• WHAT YOU ARE ASKED TO DO:
The lines in the listing below are to be given again exactly, starting at the line holding "Peugeot 3008 BlueHDi" and ending at the line holding "Офисный набор Acer OCC200 (синий)". Do not include pictures.

• GIVEN DATA:
◆ ◆ ◆ ◆

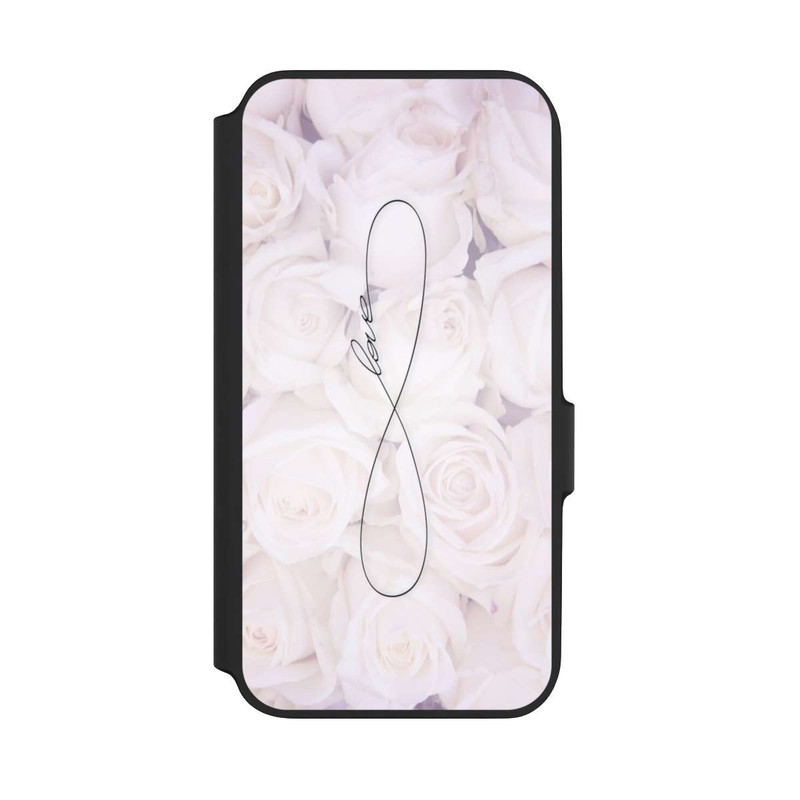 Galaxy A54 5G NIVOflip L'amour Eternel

◆ ◆ ◆ ◆

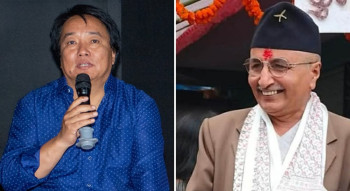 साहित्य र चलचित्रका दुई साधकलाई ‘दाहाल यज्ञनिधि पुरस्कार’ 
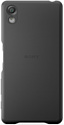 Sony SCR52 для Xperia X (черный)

◆ ◆ ◆ ◆

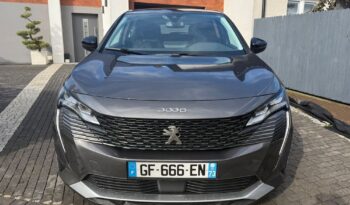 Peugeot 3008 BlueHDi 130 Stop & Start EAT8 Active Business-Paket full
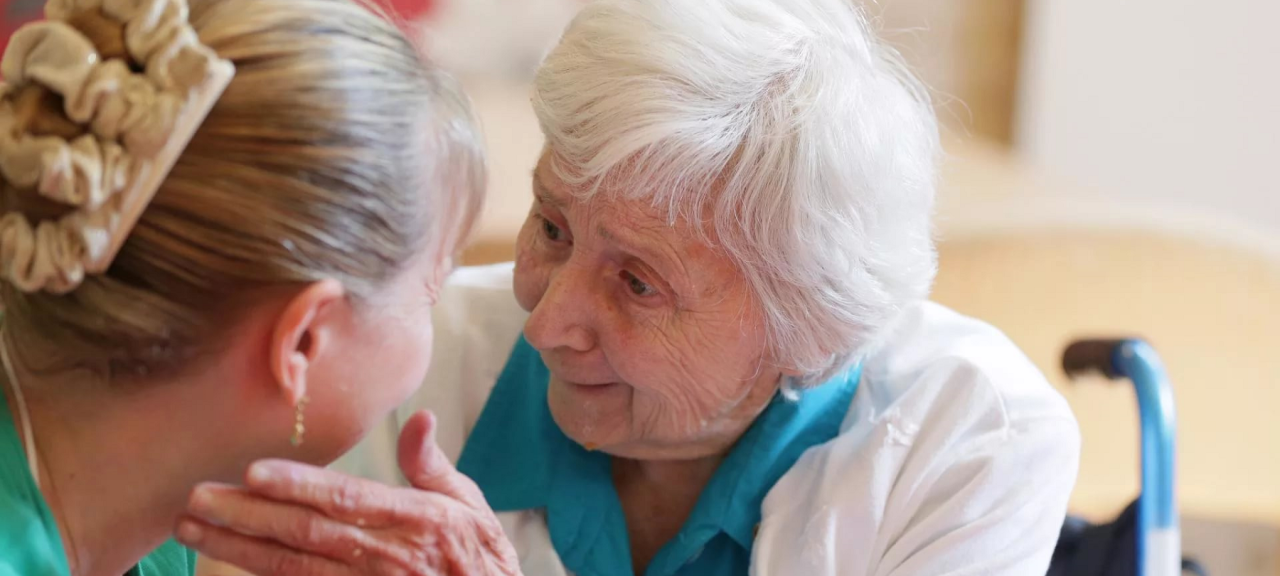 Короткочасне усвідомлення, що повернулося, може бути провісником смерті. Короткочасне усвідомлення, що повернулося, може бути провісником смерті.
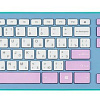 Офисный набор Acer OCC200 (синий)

◆ ◆ ◆ ◆

• ANSWER BOX:
 Peugeot 3008 BlueHDi 130 Stop & Start EAT8 Active Business-Paket full
 Короткочасне усвідомлення, що повернулося, може бути провісником смерті. Короткочасне усвідомлення, що повернулося, може бути провісником смерті.
 Офисный набор Acer OCC200 (синий)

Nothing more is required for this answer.